ACSTI outlines actions to maximise outcomes from investment in research and development
04 December 2009
Today the Advisory Council for Science, Technology and Innovation (ACSTI) published a statement welcoming the tangible commitment that Government has made to research and development and outlining the successes of that investment and the actions needed to maximise the impact of future investments.
The Chairman of the ACSTI, Tom McCarthy said, “We must rededicate ourselves to the vision outlined in the Strategy for Science, Technology and Innovation. The investments made in research and development have created a robust basic research infrastructure, have enhanced our ability to attract new foreign investment and expanded the mandates of many foreign companies already located here.”
“The challenge ahead is to create a robust innovation system that links science and technology to the growth of enterprise. Of particular importance will be the need to target growth of indigenous enterprise. At this time the Council offers its opinion on actions that ought to be pursued by Government in order to capitalise on investment to date and focus its resources to best effect in the future.” concluded McCarthy.
Improving the effectiveness of Science and Technology spending
- A priority-setting mechanism should be put in place to validate the areas / disciplines in which investment should be concentrated. Priorities should be reviewed every three to four years so that research and innovation policies are kept under continuous review.

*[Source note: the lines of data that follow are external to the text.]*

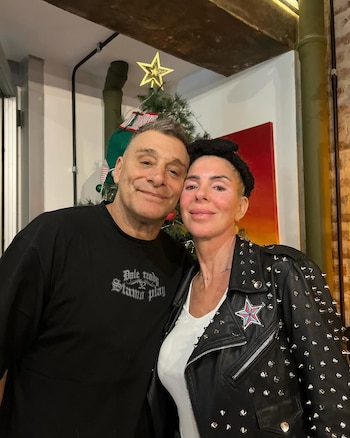 El Turco García y Mariela Prieto sonríen y se abrazan ligeramente frente a un árbol de Navidad decorado con una estrella dorada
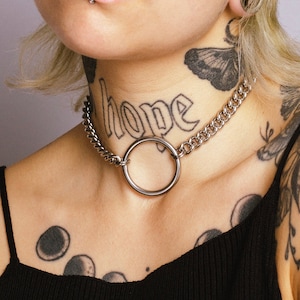 Puede incluir: Un collar de cadena plateada con un gran colgante circular. La palabra "hope" está tatuada en el cuello de la persona. La persona tiene múltiples piercings y tatuajes faciales, incluyendo una mariposa y fases lunares.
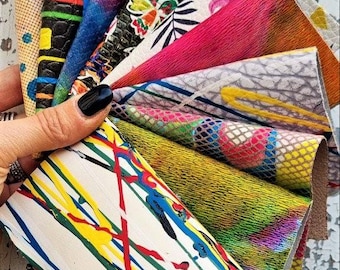 May include: A selection of patterned leather swatches, showcasing a variety of designs and textures. The samples feature geometric, floral, and abstract patterns, with a colour palette including bright pinks, greens, and deep blues and blacks. The leather is held in a hand.
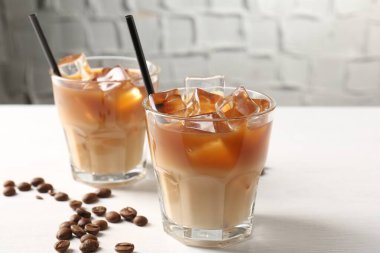 Lezzetli buzlu kahve ve fasulyeler beyaz masada, yakın plan.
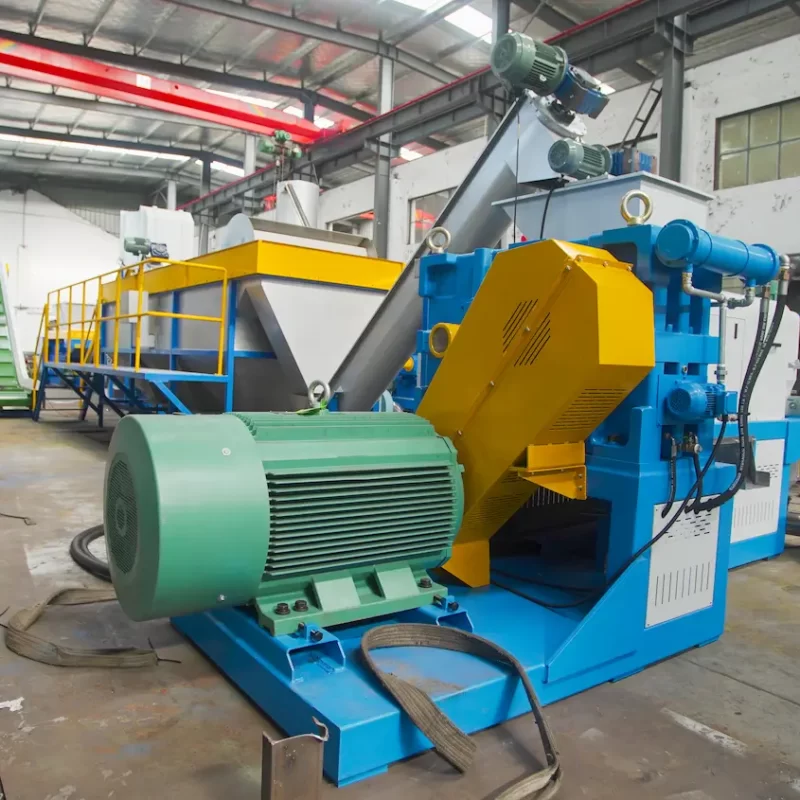 a comprehensive view of an industrial plastic recycling facility, featuring a variety of specialized equipment. This setup includes a series of machines such as conveyors, shredders, and separators, all crucial for the recycling process. The machinery is predominantly painted in vibrant blue and yellow, colors often used to denote machinery and caution in industrial environments. This particular section of the facility appears to focus on the initial stages of recycling where plastics are sorted, cleaned, and prepared for further processing. Visible in the scene are large motors and mechanical parts, suggesting these machines handle heavy-duty processing tasks like shredding and crushing. The background shows additional parts of the facility, hinting at a large-scale operation designed to process significant volumes of material efficiently.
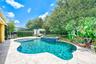 Stunning pool featuring a sunshelf with a umbrella holder and bubbler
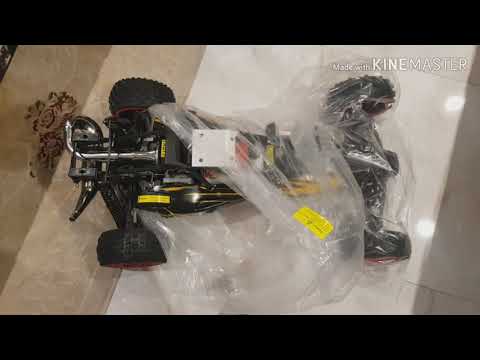 Unboxing Rovan baja RC car 1/5 scale and breaking in, فتح صندوق سيارة ريموت كنترول وتشغيل اول مرة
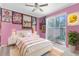 Vibrant bedroom features large sliding doors and a ceiling fan for ultimate comfort and style at 8604 Vicksburg Rd, Spring Hill, FL 34608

- Special attention should be given to the link between academic research and the needs of enterprise in any review of funding priorities. The aim should be to build centres with critical mass so that the full spectrum of research can be supported and to ensure that the interfaces between basic and applied research and the translation of research into innovation are working optimally.
- Any adjustments to the R&D funding structures in Ireland should prioritise the link between research and innovation, including appropriate support for the industry–led competence centre model.
Promoting enterprise research and innovation
- Terms of the R&D tax credit should be altered so that it can be claimed against general payroll costs.
- The guidelines on public procurement for innovation that have been published by the Government should be put into practice by departments, agencies and local authorities by attaching specific metrics for innovation outcomes, and where appropriate, ring-fencing resources for innovative solutions within the framework of EU State Aid rules.